*Data*
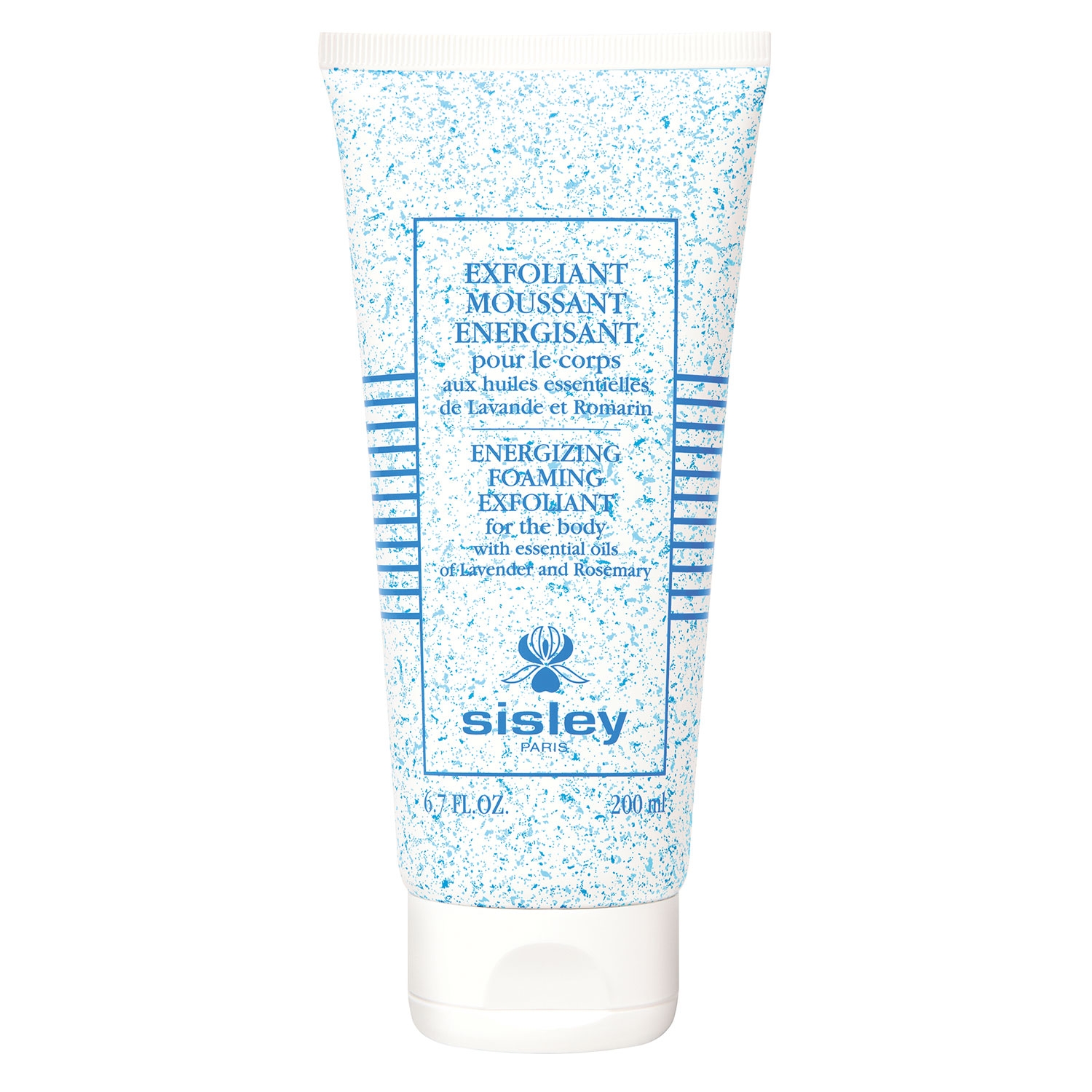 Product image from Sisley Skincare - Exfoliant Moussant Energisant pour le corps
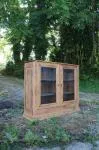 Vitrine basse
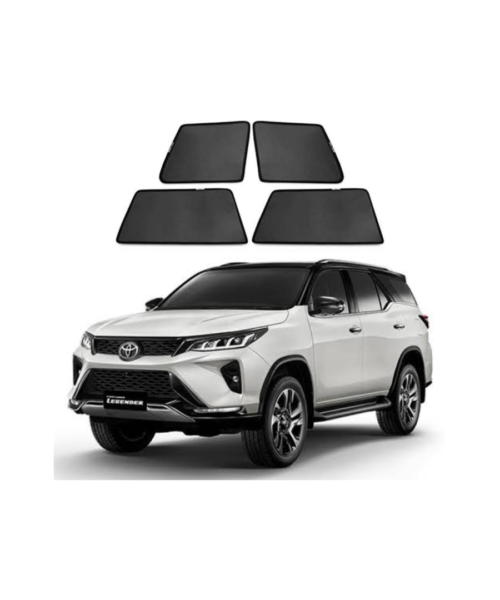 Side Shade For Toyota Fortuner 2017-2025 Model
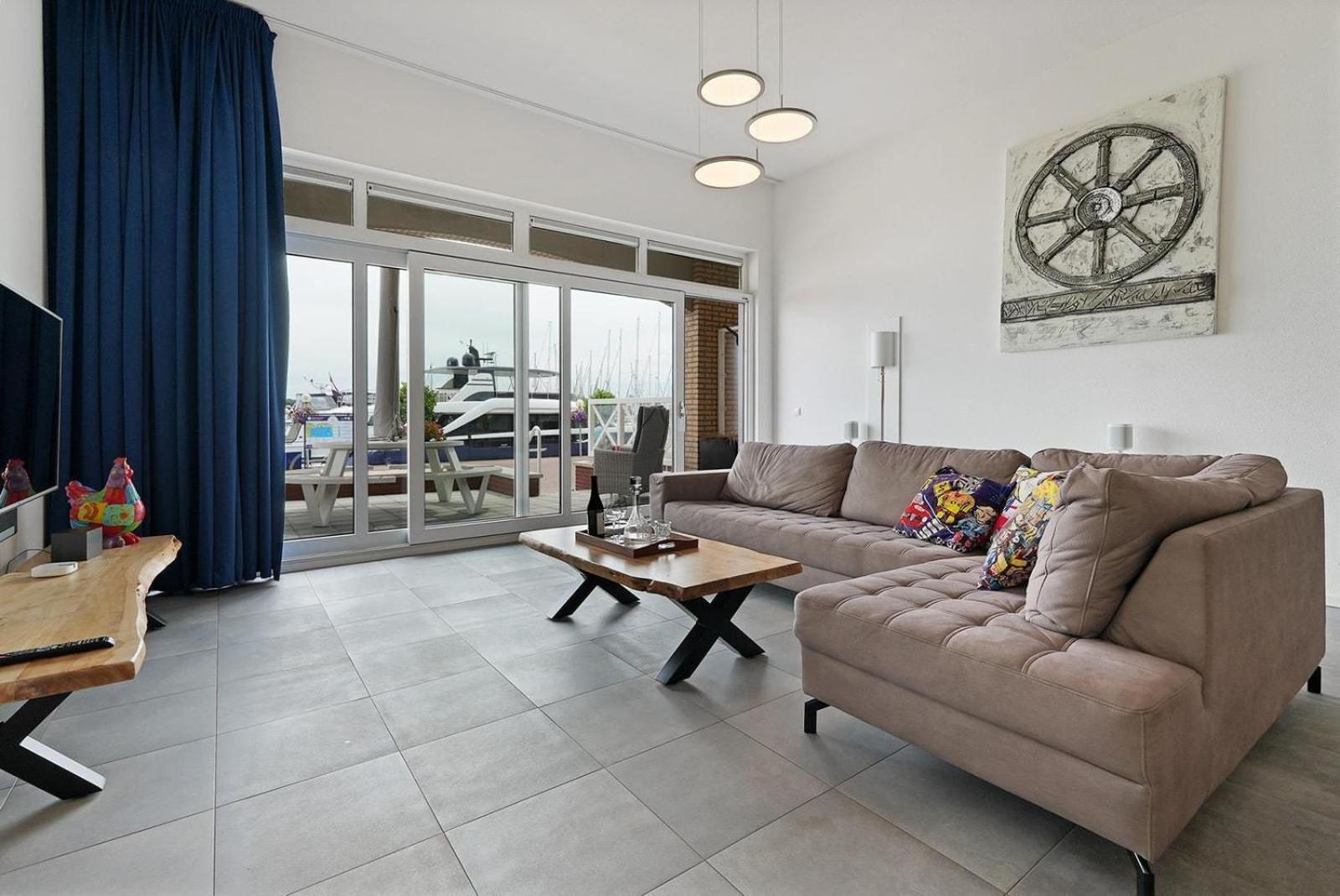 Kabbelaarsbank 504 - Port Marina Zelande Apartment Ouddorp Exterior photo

*Action item*
Retype the whole listing exactly and leave the pictures out.

*Solution*
 Product image from Sisley Skincare - Exfoliant Moussant Energisant pour le corps
 Vitrine basse
 Side Shade For Toyota Fortuner 2017-2025 Model
 Kabbelaarsbank 504 - Port Marina Zelande Apartment Ouddorp Exterior photo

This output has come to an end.